I spent the better part of the afternoon removing husks and that nasty hairy stuff. I toiled and I boiled, and when the time was right, I blanched each cob.
By the time I was done I had enough bagged up corn to fill the freezer. It was truly blanching at its best.
I hadn’t planned on serving the corn to the family right away. Thinking that one does not like to just pull out the good corn for everyday occasions. Good corn is sort of like Grandma’s china; it has to be saved for special occasions such as Christmas, Easter and visits from old college roommates.
Yet, I couldn’t wait. So when the barometric pressure was just right, the Dow was up and one of the kitchen counters was clean, I decided it called for a celebration with corn.
With steaks and real butter, I served up the Maizes’ corn with all of the pride I could muster. When the family began to consume it, I sat back and awaited the praise.

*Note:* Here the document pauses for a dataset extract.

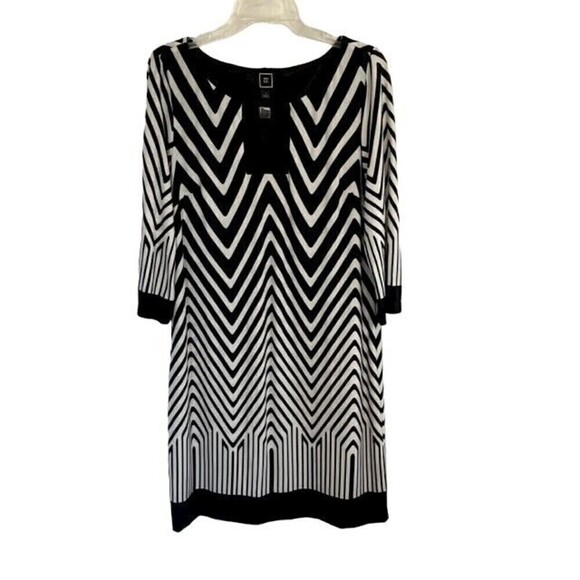 RMLL Black White Zig Zag 3/4 Sleeve Shift Dress Sz 12 NWOT - Picture 1 of 4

“Where’d you get this corn?” Pat asked with a mouth full and a look of distaste.
“It’s the corn the Maizes gave us,” I replied.
“Do you still have that stuff around?”
“Stuff? You said that was the best corn you’d ever had.”
“I was just being polite.”
“But I blanched it and cut it off of the cob and everything.”
“Well, you shouldn’t have. That was the worst corn I ever tasted.”
See if we ever barge in on the Maizes again.